Don’t get me wrong either, I am forever grateful for being raised in ritual space. It was entirely because of this that I was able to work up the skills of perceiving energetic shifts, spirits and ritual craft as second nature while I was also learning how to read and write. This especially came in handy when I suddenly found myself parted from the community – essentially overnight. My foundation was ripped from beneath me and I was placed into the mundane world.
For a few years, I was left with just my own awareness of energy and spirits to work with. I remember working with my friends to develop shared dreaming spaces, reaching out to others in bursts of energy during emotionally volatile times, taking on the pain of those I loved to relieve them of it. I had enough experience to know what magic felt like, but not enough education to know how to work with it effectively. As I got older I found myself scouring the books on witchcraft on my father’s bookshelf and then moving onto my own from there.
By the time I was in my late teens, I found myself searching for that sense of community again. I felt alone in the world and I had reached the extent to which I could teach myself. I found out about the community local to me when I was in my early twenties, I had recently moved back home and I was working on my undergraduate degree. A close friend of mine and I looked into it and instantly I found myself sitting in a space of fight or flight. My friend started going to rituals, events, and classes within the community and I held back – worried about joining others and falling into the drama that my past assured me would go along with it. It took almost another half a year before I finally gave in, and I have been a part of that community since.
A Community Can Be a Tricky Thing
There are a lot of factors that go into it and how it may or may not be a healthy and effective environment that fosters growth. I will admit, I have a fairly jaded view of the witchcraft community myself. Growing up in the middle of the Salem witchcraft community I was regularly caught in the middle of drama and cattiness, consumerism and downright toxic behavior. On the flip side to that though, I saw people coming together to fight for similar causes and the kind of growth that only comes from people being allowed to immerse themselves into a joined space with like-minded peers.

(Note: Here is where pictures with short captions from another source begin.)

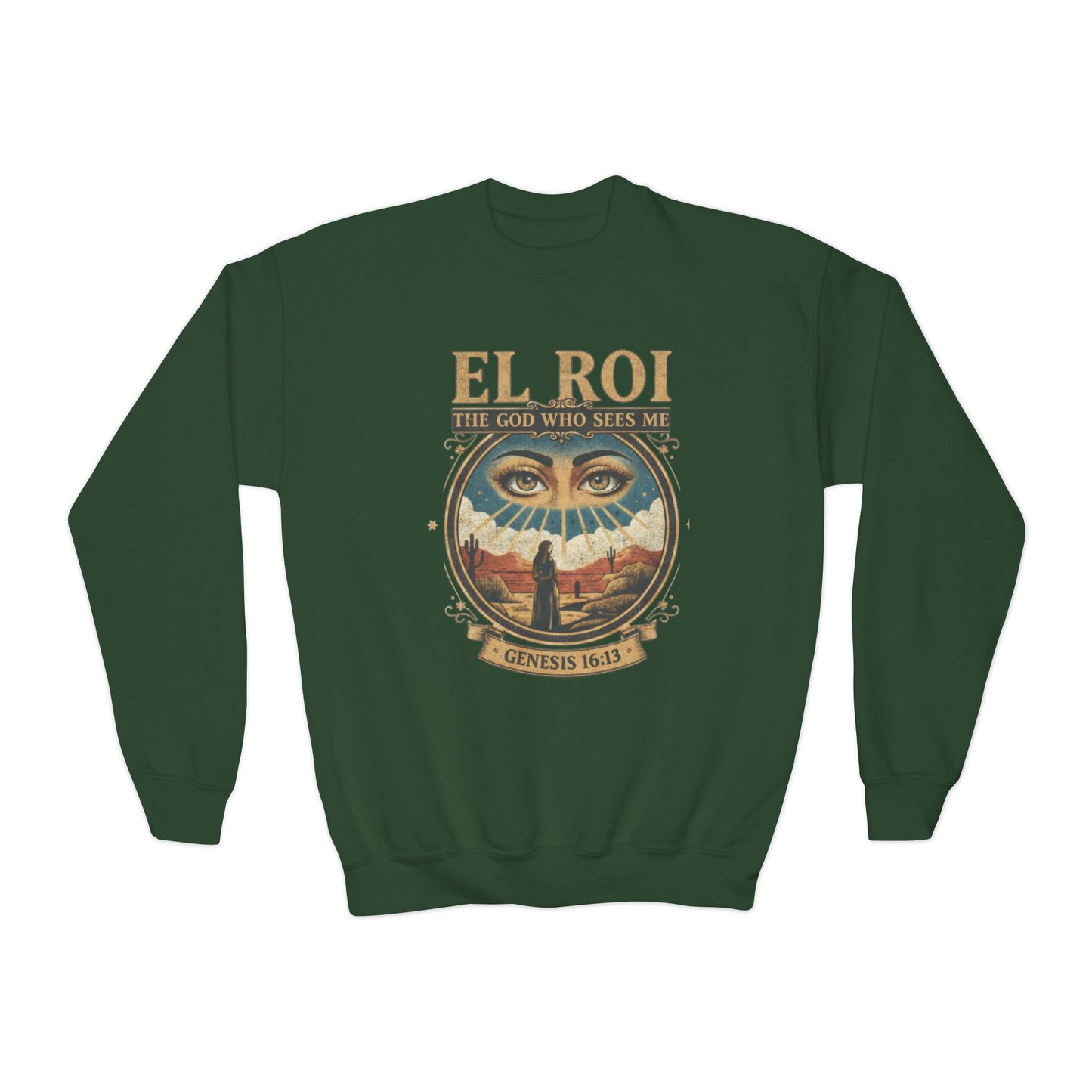 "El Roi: The God Who Sees Me" Genesis 16:13 Youth Crewneck Sweatshirt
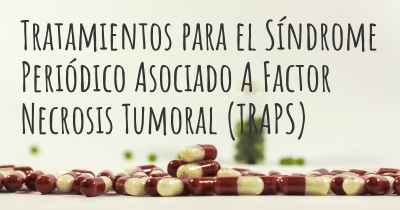 Tratamientos para el Síndrome Periódico Asociado A Factor Necrosis Tumoral (TRAPS)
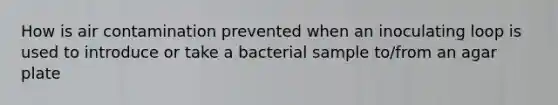 How is air contamination prevented when an inoculating loop is used to introduce or take a bacterial sample to/from an agar plate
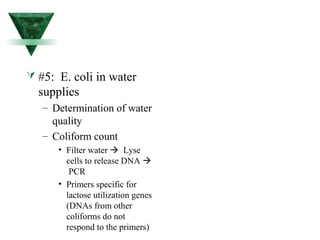  #5: E. coli in water 
supplies 
– Determination of water 
quality 
– Coliform count 
• Filter water  Lyse 
cells to release DNA  
PCR 
• Primers specific for 
lactose utilization genes 
(DNAs from other 
coliforms do not 
respond to the primers) 
 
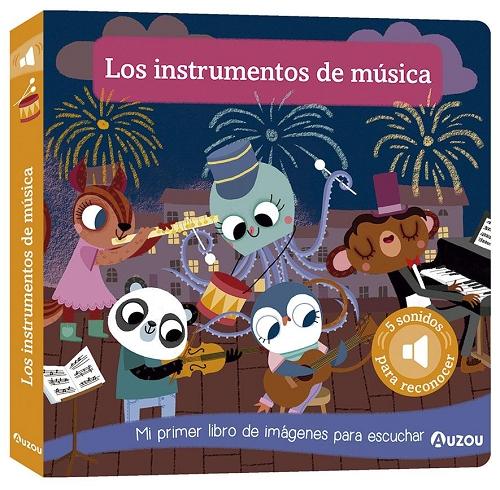 Los instrumentos de música "(Mi primer libro de imágenes para escuchar)". 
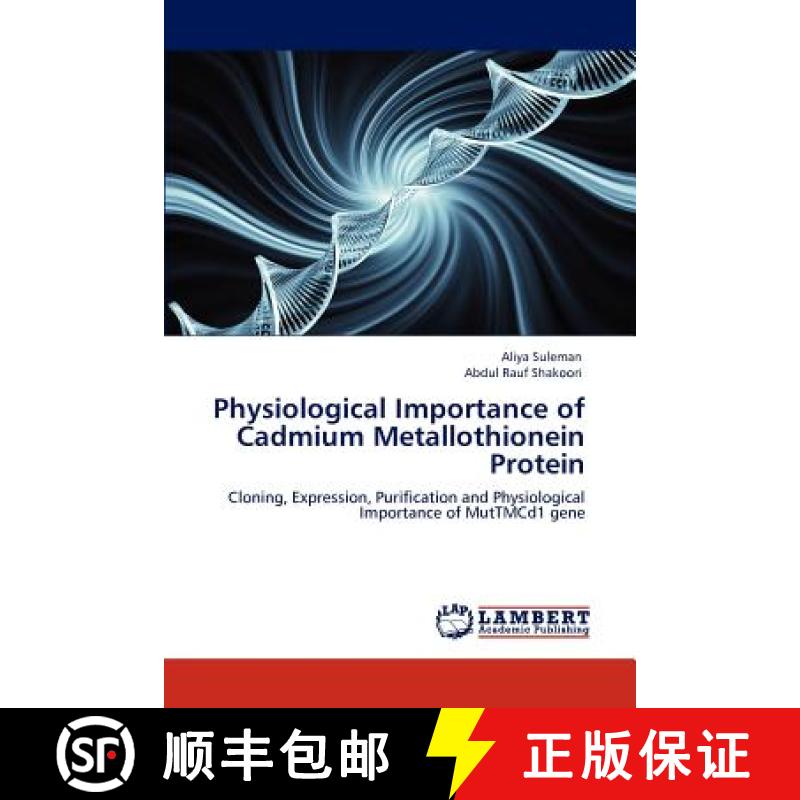预订 Physiological Importance of Cadmium Metallothionein Protein [9783845477190]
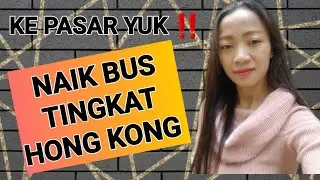 PERGI KE PASAR ‼ NAIK BUS TINGKAT HONG KONG #hongkongcity #video #viralvideo #bus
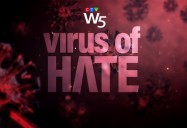 Virus of Hate: W5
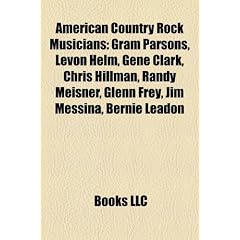 American Country Rock Musicians: Gram Parsons, Levon Helm, Gene Clark, Chris Hillman, Randy Meisner, Glenn Frey, Jim Messina, Bernie Leadon
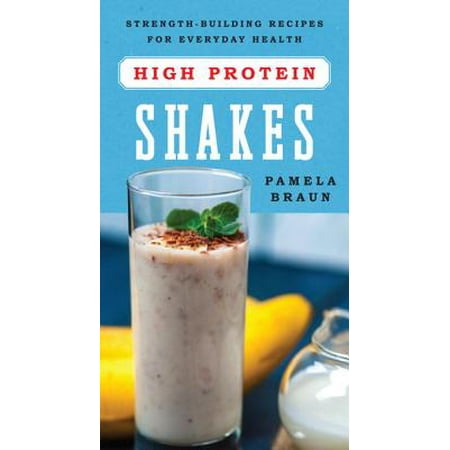 High-Protein Shakes : Strength-Building Recipes for Everyday (Best Herbalife Shake Recipes)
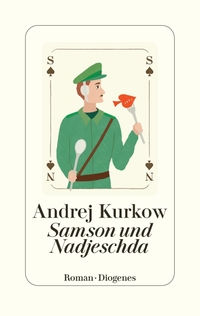 Buchcover: Andrej Kurkow. Samson und Nadjeschda - Roman. Diogenes Verlag, Zürich, 2022.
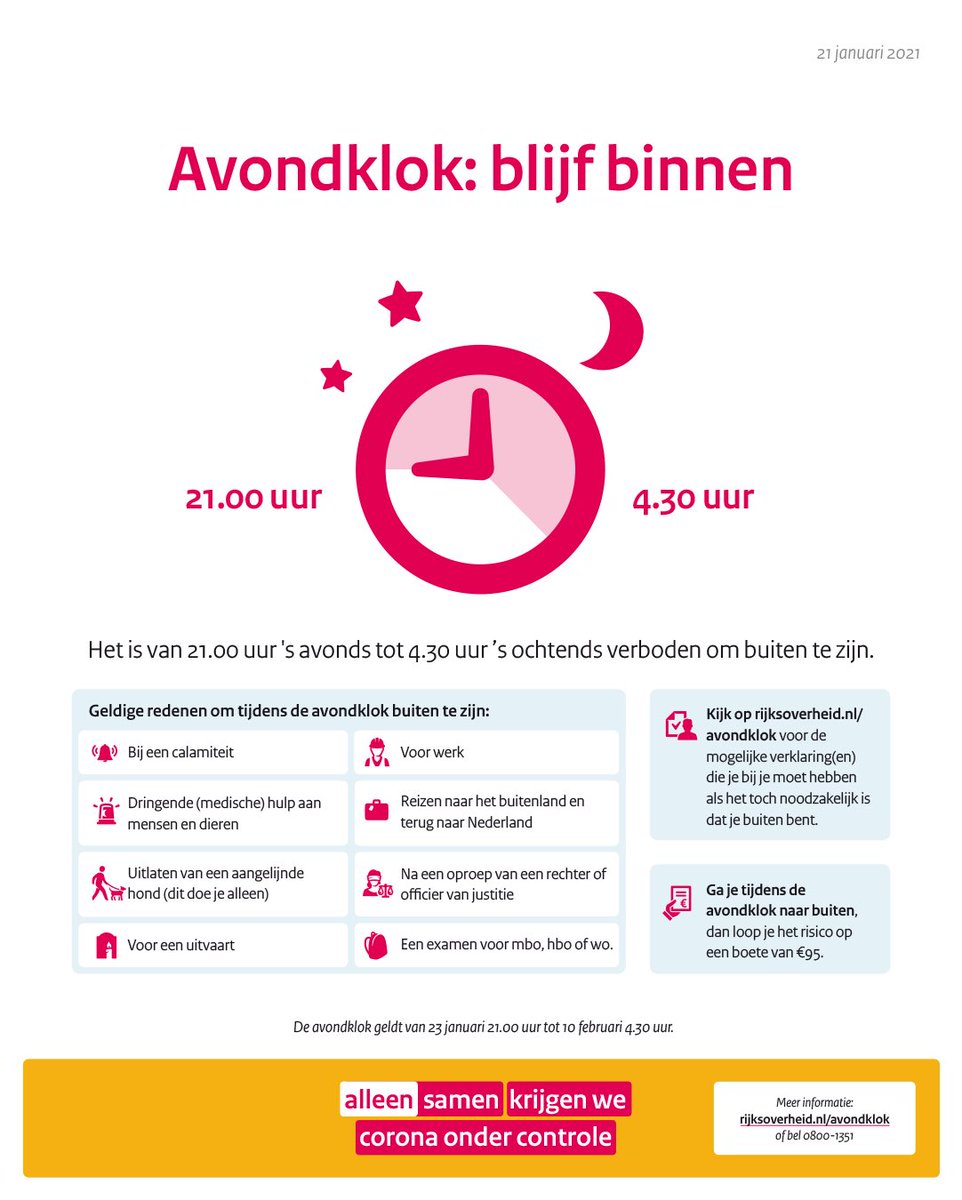 Rijksoverheid's tweet photo. Vanaf 23 januari geldt een avondklok van 21.00 uur 's avonds tot 4.30 uur 's ochtends. Deze zware maatregel moet ervoor zorgen dat minder mensen elkaar ontmoeten. Zo voorkomen we verspreiding van het coronavirus.

Meer informatie ⤵️

https://t.co/uzNwHYaomC https://t.co/fe7i406TzU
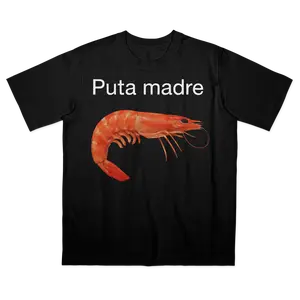 Puta Madre Shrimp Funny Meme Shirt, Shrimp Tshirt, Shrimp, Shrimp Shirt, Aggressive Shirt, Ironic Shirt, Viral Meme Tee, Unhinged Shirt Meme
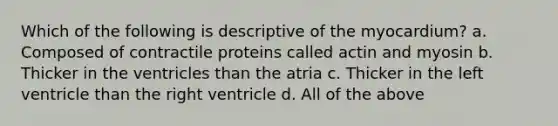 Which of the following is descriptive of the myocardium? a. Composed of contractile proteins called actin and myosin b. Thicker in the ventricles than the atria c. Thicker in the left ventricle than the right ventricle d. All of the above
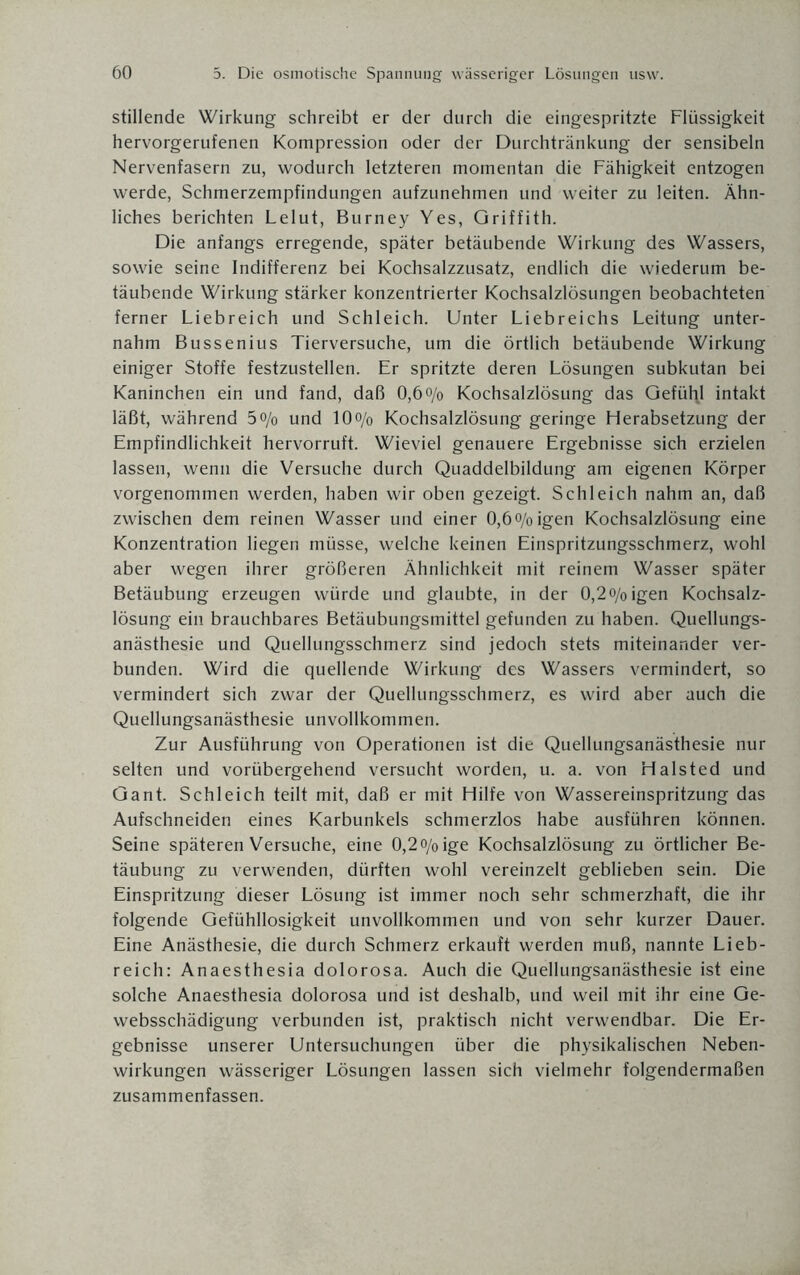 stillende Wirkung schreibt er der durch die eingespritzte Flüssigkeit hervorgerufenen Kompression oder der Durchtränkung der sensibeln Nervenfasern zu, wodurch letzteren momentan die Fähigkeit entzogen werde, Schmerzempfindungen aufzunehmen und weiter zu leiten. Ähn¬ liches berichten Lelut, Burney Yes, Griffith. Die anfangs erregende, später betäubende Wirkung des Wassers, sowie seine Indifferenz bei Kochsalzzusatz, endlich die wiederum be¬ täubende Wirkung stärker konzentrierter Kochsalzlösungen beobachteten ferner Liebreich und Schleich. Unter Liebreichs Leitung unter¬ nahm Bussenius Tierversuche, um die örtlich betäubende Wirkung einiger Stoffe festzustellen. Er spritzte deren Lösungen subkutan bei Kaninchen ein und fand, daß 0,6 o/o Kochsalzlösung das Gefühl intakt läßt, während 5o/0 und 10o/0 Kochsalzlösung geringe Herabsetzung der Empfindlichkeit hervorruft. Wieviel genauere Ergebnisse sich erzielen lassen, wenn die Versuche durch Quaddelbildung am eigenen Körper vorgenommen werden, haben wir oben gezeigt. Schleich nahm an, daß zwischen dem reinen Wasser und einer O,6o/0igen Kochsalzlösung eine Konzentration liegen müsse, welche keinen Einspritzungsschmerz, wohl aber wegen ihrer größeren Ähnlichkeit mit reinem Wasser später Betäubung erzeugen würde und glaubte, in der 0,2o/0igen Kochsalz¬ lösung ein brauchbares Betäubungsmittel gefunden zu haben. Quellungs¬ anästhesie und Quellungsschmerz sind jedoch stets miteinander ver¬ bunden. Wird die quellende Wirkung des Wassers vermindert, so vermindert sich zwar der Quellungsschmerz, es wird aber auch die Quellungsanästhesie unvollkommen. Zur Ausführung von Operationen ist die Quellungsanästhesie nur selten und vorübergehend versucht worden, u. a. von Halsted und Gant. Schleich teilt mit, daß er mit Hilfe von Wassereinspritzung das Aufschneiden eines Karbunkels schmerzlos habe ausführen können. Seine späteren Versuche, eine 0,2o/0ige Kochsalzlösung zu örtlicher Be¬ täubung zu verwenden, dürften wohl vereinzelt geblieben sein. Die Einspritzung dieser Lösung ist immer noch sehr schmerzhaft, die ihr folgende Gefühllosigkeit unvollkommen und von sehr kurzer Dauer. Eine Anästhesie, die durch Schmerz erkauft werden muß, nannte Lieb¬ reich: Anaesthesia dolorosa. Auch die Quellungsanästhesie ist eine solche Anaesthesia dolorosa und ist deshalb, und weil mit ihr eine Ge¬ websschädigung verbunden ist, praktisch nicht verwendbar. Die Er¬ gebnisse unserer Untersuchungen über die physikalischen Neben¬ wirkungen wässeriger Lösungen lassen sich vielmehr folgendermaßen zusammenfassen.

The Hierophant is the mentor, the healthy community and tradition in which we can go to in order to thrive, fail and grow within a safe environment. They give us the structure needed in order to hone the skills that we bring to the mix while teaching us to build the foundation necessary to continue that work. The thing about the Hierophant is that it can be too safe. There is little room for exploration as the structures it exists within are limited to the paths that those who came before have already walked. That isn’t to say that this work isn’t important if anything it is essential. Knowing the steps and building blocks of those who have done the work before you will only make you stronger in the long end, but there is a point in which some will begin to feel restless and called to the realms of possibility outside of these predetermined paths.
The challenge here is to find the balance that works for you. Look for a community that supports your growth within it, but that also challenges you to walk your own path. In the right community, it is possible to exist within it while also observing a personal practice and ideally, it will be challenged from time to time in a way that allows you to see new perspectives and grow in ways you would never have access to if you were fully on your own. Don’t settle for a toxic community simply because it is convenient. If you have no purpose within it, it isn’t fueling your growth and the growth of others, or it’s overall disingenuine, then what is the point of it? Find a tradition or community that holds the same (or at least) similar values that you do, if they are slightly different then allow yourself to be open to that – there might be something to learn there.
The Hierophant Reversed
When I first found myself looking for a community again as an adult, what I needed was the Hierophant. Funnily enough, this was also that card that I remember being most drawn to at this time. I idolized it, placed it on my working altar dedicated to learning and charged a key aligned to unlocking these mysteries available to me. I was shocked to find when I revisited it again recently, that I no longer walked behind it – like a child stepping in the footsteps of the adult before them. Instead, I walked my own path beside the Hierophant that allowed me to work my own way around obstacles and see what was coming before me – but also allowed me the companionship of that structure beside me. There are times in which it feels necessary to go off on a different journey entirely, and that’s okay. Time to ourselves is needed in order to reflect. If we constantly live within our traditions and communities then we aren’t giving ourselves the time necessary to think outside of them. This is not a reflection of the community or traditions that we are in, but our own responsibility. Know yourself enough to know your tides, pay attention to your needs and make the best decisions for yourself.